From 4fb4b2e6d22bdb8c15b2c59cbaa117576a2b6393 Mon Sep 17 00:00:00 2001
From: RaulPPealez <raulppelaez@gmail.com>
Date: Wed, 15 Mar 2023 10:21:10 +0100
Subject: [PATCH 15/41] Use relative path to load NNPOps library in __init__.py

---
 src/pytorch/__init__.py | 10 +---------
 1 file changed, 1 insertion(+), 9 deletions(-)

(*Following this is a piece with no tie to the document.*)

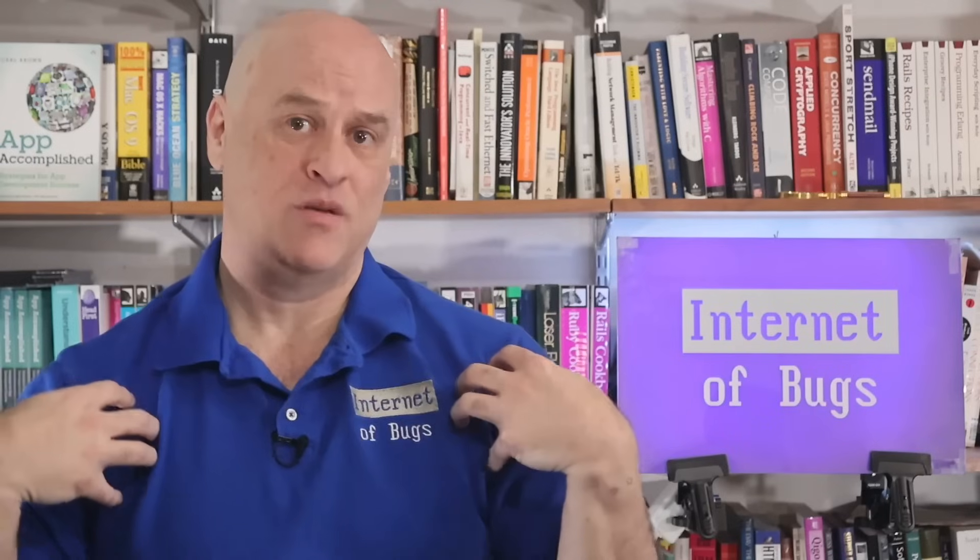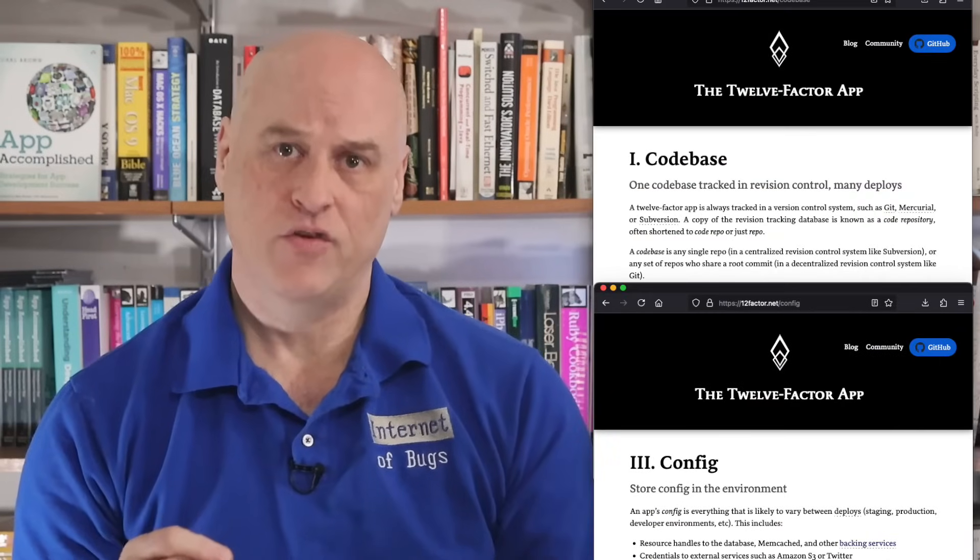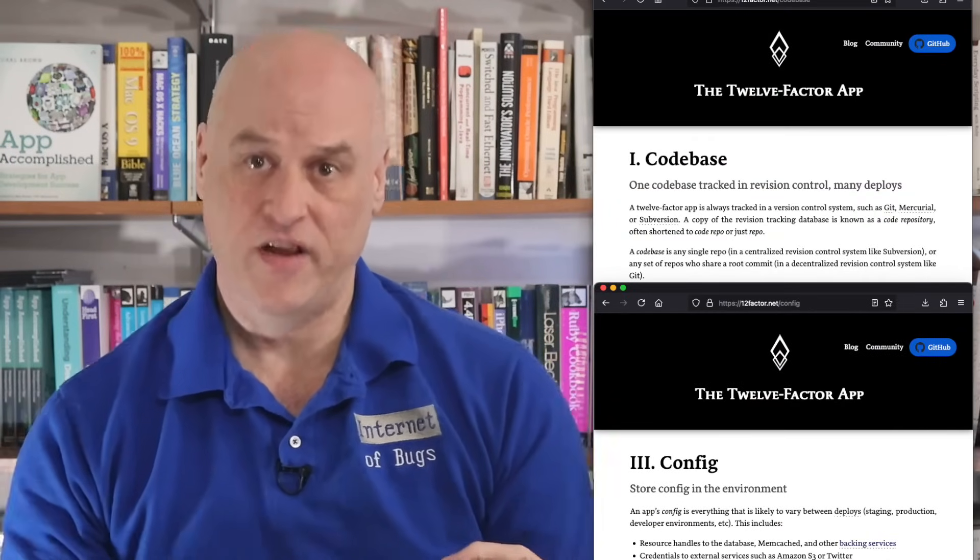Now given that I am someone who professionally complains about the internet having too many bugs already, you can tell where my preference would be. So I'm not going to go into detail for each of the 12 points. Instead I'm going to talk about the limitations that these ideas cause and how those limitations relate to the different points. Starting off, we're going to talk about items one and three — one codebase tracked in revision control, and store config in the environment.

diff --git a/src/pytorch/__init__.py b/src/pytorch/__init__.py
index 56119c13..645d4399 100644
--- a/src/pytorch/__init__.py
+++ b/src/pytorch/__init__.py
@@ -3,16 +3,8 @@
 '''
 import os.path
 import torch
-import site
 
-# look for NNPOps/libNNPOpsPyTorch.so in all the paths returned by site.getsitepackages()
-for path in site.getsitepackages():
-    if os.path.exists(os.path.join(path, 'NNPOps/libNNPOpsPyTorch.so')):
-        torch.ops.load_library(os.path.join(path, 'NNPOps/libNNPOpsPyTorch.so'))
-        break
-else:
-    # if we didn't find it, look for NNPOps/libNNPOpsPyTorch.so in the same directory as this file
-    torch.ops.load_library(os.path.join(os.path.dirname(__file__), 'libNNPOpsPyTorch.so'))
+torch.ops.load_library(os.path.join(os.path.dirname(__file__), 'libNNPOpsPyTorch.so'))
 
 
 from NNPOps.OptimizedTorchANI import OptimizedTorchANI

From bf5658017db3459d8d4ae9f3dc1f02bc5ada71a6 Mon Sep 17 00:00:00 2001
From: RaulPPealez <raulppelaez@gmail.com>
Date: Wed, 15 Mar 2023 10:40:35 +0100
Subject: [PATCH 16/41] Copy test scripts to build directory, run them there

---
 CMakeLists.txt | 30 ++++++++++++++++++++----------
 1 file changed, 20 insertions(+), 10 deletions(-)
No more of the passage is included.